The board’s directors voted unanimously to rehire Cindy Schuenke and to give her more than two months of lost back pay and benefits, according to the board’s attorney, Neil Bruntrager.

The decision came in the wake of an Aug. 26 grievance hearing called to address Schuenke’s termination in early July.

Schuenke suffered severe burns March 29, 2006, while searching for the mother of a fellow firefighter in a burning house in Vinita Terrace. Since the fire, Schuenke has had multiple surgeries but has stressed her desire to return to work as a firefighter-paramedic.

In early July, however, she learned she’d been fired in a letter from Fire Chief Fred Cain.

She was let go despite a letter in June from her surgeon stating that he couldn’t yet rule out the possibility of her returning to work.

Reached late Wednesday, Schuenke said she had just learned of her reinstatement and had not yet received any documents detailing her rehiring. “I’m excited that the board has changed its mind, but I’m mentally drained from all of this,” she said. “Part of me died in the fire ... but now it’s on the upswing.”

Schuenke said she has been encouraged the past two weeks by numerous calls, letters and blog postings from supporters who expressed outrage at the board’s decision. She said she also is grateful to Firefighters Local 2665, which she said recently stepped in to help fight for her job.

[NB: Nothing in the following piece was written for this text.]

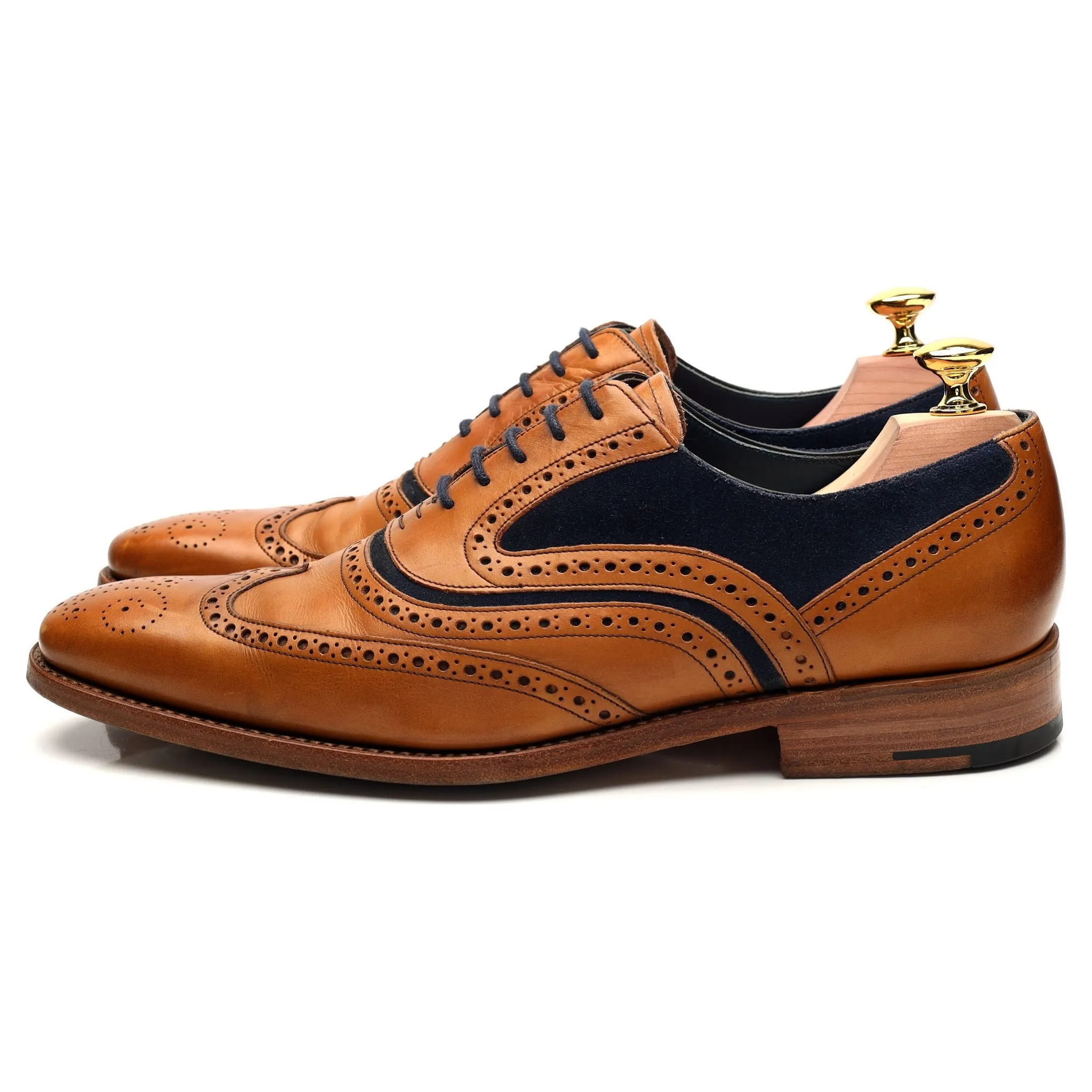 'McClean' Tan Brown Leather Oxford Brogues UK 7.5 F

Bruntrager said the directors hope their decision “helps in the healing process.”

“What the board considered most of all was the impact of the decision (on Schuenke) personally,” he said. “The last thing in the world they were trying to do was hurt her.”

Had the termination stood, the district’s disability insurance would have provided untaxed payments of up to $4,000 a month, in addition to worker’s comp, Bruntrager said.

Schuenke’s attorney, Mike Schaller, however, has argued that the loss of her job ultimately would strip her of $50,000 of her $84,000 annual salary, and also would leave her without other key benefits, such as health insurance coverage for issues unrelated to the fire.